Data entries
= Beginning of Section =

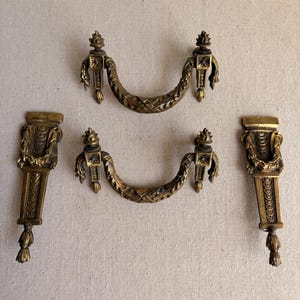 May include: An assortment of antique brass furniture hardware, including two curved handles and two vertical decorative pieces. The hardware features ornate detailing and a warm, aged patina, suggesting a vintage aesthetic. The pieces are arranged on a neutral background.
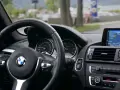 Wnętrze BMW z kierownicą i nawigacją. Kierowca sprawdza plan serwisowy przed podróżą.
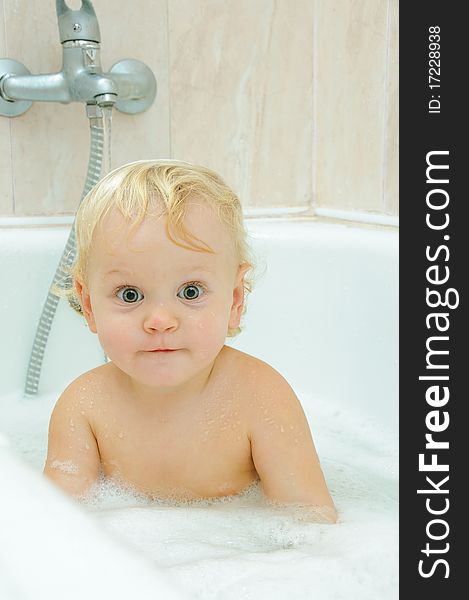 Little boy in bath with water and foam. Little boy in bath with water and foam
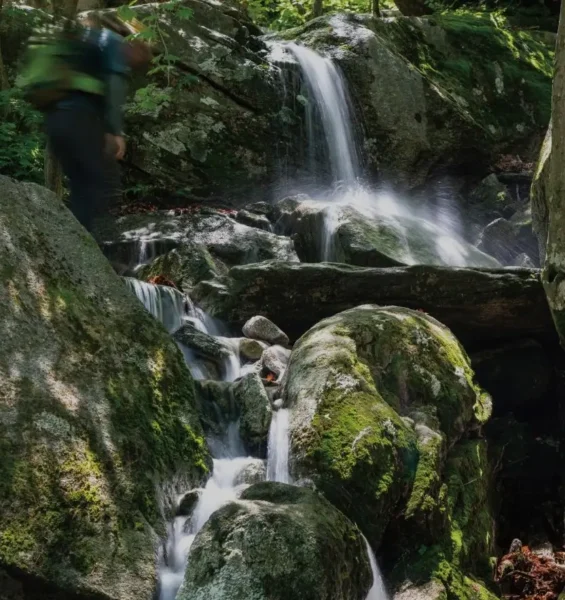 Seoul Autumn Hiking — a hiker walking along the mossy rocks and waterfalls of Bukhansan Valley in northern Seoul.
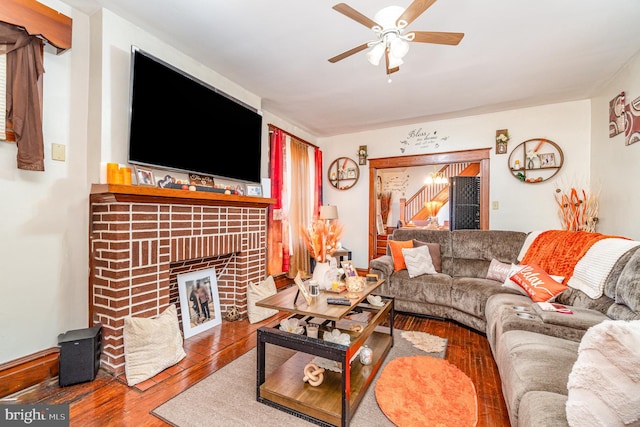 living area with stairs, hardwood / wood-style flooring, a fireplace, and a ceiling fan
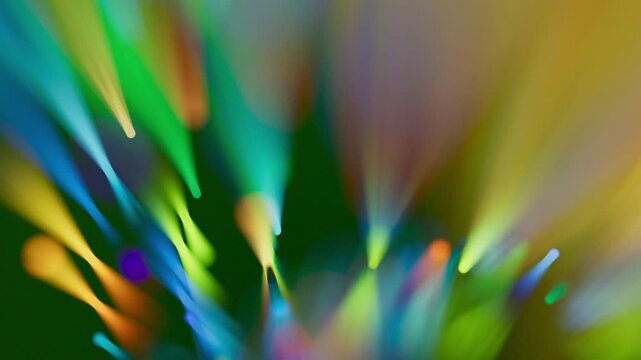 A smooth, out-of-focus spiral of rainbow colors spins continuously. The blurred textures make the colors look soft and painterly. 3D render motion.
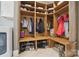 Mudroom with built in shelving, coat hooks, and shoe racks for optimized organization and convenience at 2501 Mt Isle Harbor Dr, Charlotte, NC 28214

= End of Section =

• _ACTION ITEM_: Copy these entries precisely and drop any picture.

• _EXERCISE ANSWER_:
 May include: An assortment of antique brass furniture hardware, including two curved handles and two vertical decorative pieces. The hardware features ornate detailing and a warm, aged patina, suggesting a vintage aesthetic. The pieces are arranged on a neutral background.
 Wnętrze BMW z kierownicą i nawigacją. Kierowca sprawdza plan serwisowy przed podróżą.
 Little boy in bath with water and foam. Little boy in bath with water and foam
 Seoul Autumn Hiking — a hiker walking along the mossy rocks and waterfalls of Bukhansan Valley in northern Seoul.
 living area with stairs, hardwood / wood-style flooring, a fireplace, and a ceiling fan
 A smooth, out-of-focus spiral of rainbow colors spins continuously. The blurred textures make the colors look soft and painterly. 3D render motion.
 Mudroom with built in shelving, coat hooks, and shoe racks for optimized organization and convenience at 2501 Mt Isle Harbor Dr, Charlotte, NC 28214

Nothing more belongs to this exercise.